Colbert, Carson and I Share Some Scary Stuff

Talking with Sharon Stone last Wednesday Stephen Colbert revealed a physical characteristic we share. While teasing about her nude photo shoot in Playboy in 1992, he said he is so self-conscious about his body that he “won’t let anybody see me without socks on (because) I have that thing where you wear socks too long and there’s no hair … where the socks pulled all the hair out. I’ve got old men’s ankles.” 

That’s me, too. My ankles, aside from being way too thin, bony actually, are hairless. They’re so white they seem to glow in the dark. I think wearing white wool sweatsocks throughout high school inhibited any hairy growth from my shins down. I never went without socks until I retired and started writing this blog and that was only because my “public” demanded I live up to the self-selected title. 

Anyway, it’s nice to know of another anklo-phobic, especially one with such a high profile.
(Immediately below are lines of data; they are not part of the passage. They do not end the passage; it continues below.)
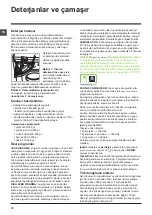 Preview for 70 page of Hotpoint Ariston FDD 9640 Instructions For Use Manual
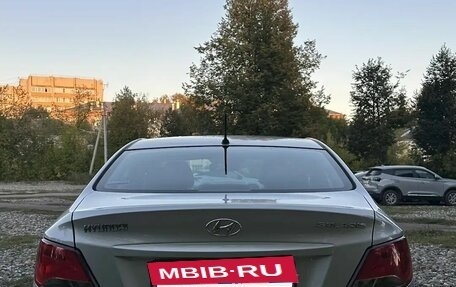 Hyundai Solaris II рестайлинг, 2014 год, 795 000 рублей, 20 фотография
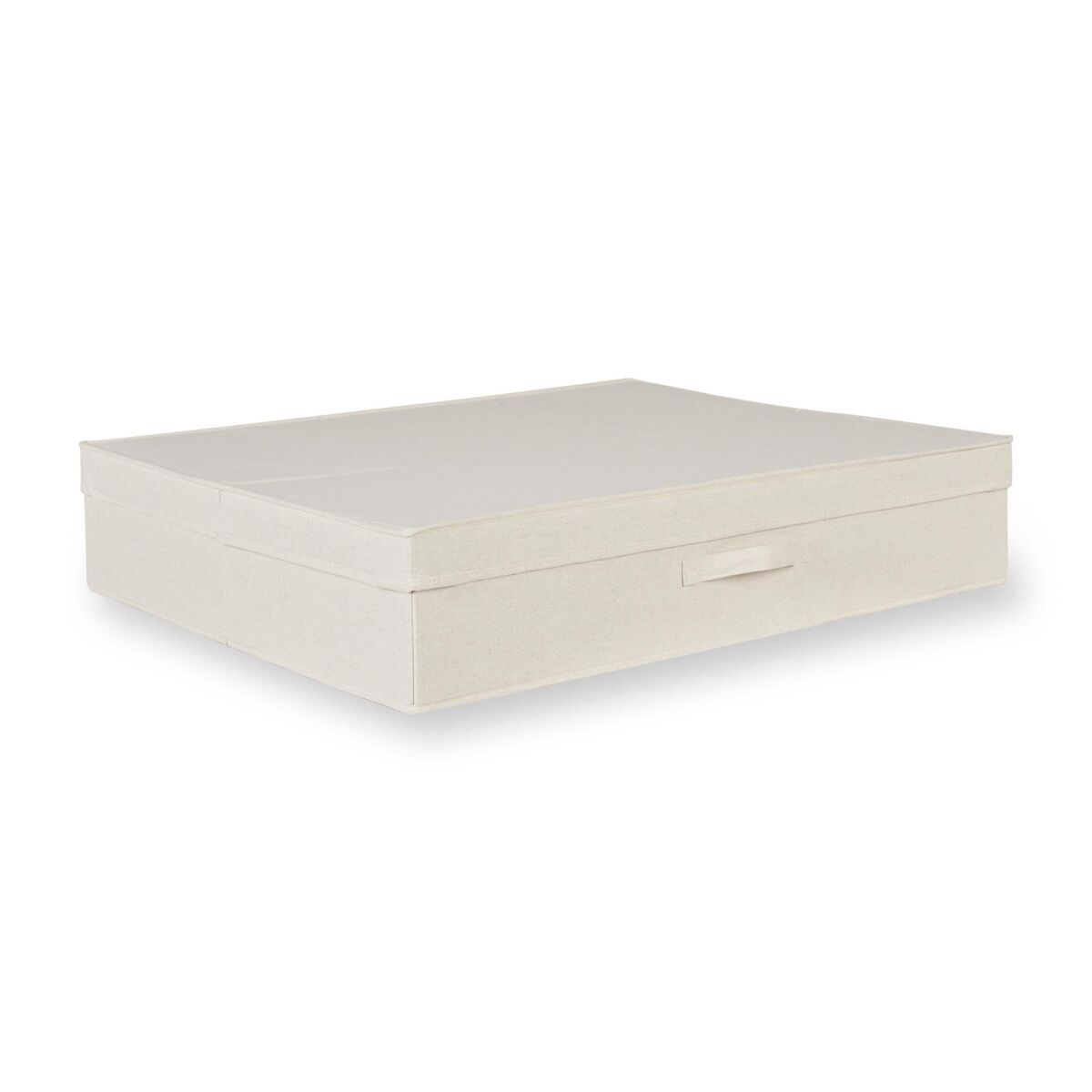 Opberglade voor bed 120 x 60 / 110 x 70 - Katoen/Linnen - Quax productfoto
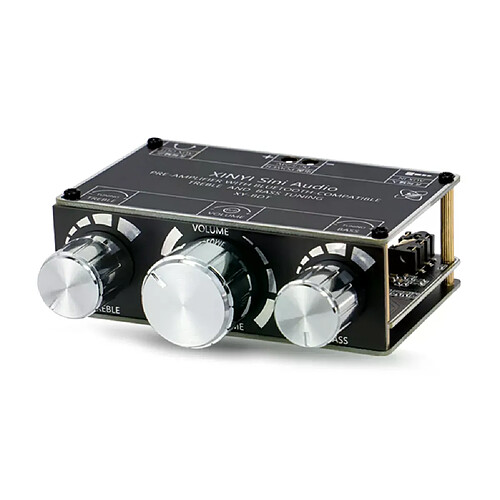 Amplificateur stéréo sans fil - Noir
Getting back to Sharon Stone, she has a new show, Agent X on TNT. I haven’t seen it so I can’t recommend it, or not, but Colbert screened a clip which showed Stone as vice president of the United States. What drew my attention was her hair style. If I didn’t know it was Stone I would have thought it was Robin Wright as the president’s wife, Claire Underwood, in House of Cards. It seems short-haired, stylishly coiffed blondes are today’s power women of Washington, no doubt inspired by Hillary Clinton, though one would never confuse her body with that of either Stone or Wright.


Carson and Me: During my first trip to Israel in 1966 I learned how to identify where the border lay between the Jewish state and its Arab neighbors. Look for the green, I was told. Where the greenery ends is where Israel ends. Across the border the color was brown, as in sand.

Now, fast forward to early 2015 and it appears Dr. Ben Carson shares with me the lesson in border topography. 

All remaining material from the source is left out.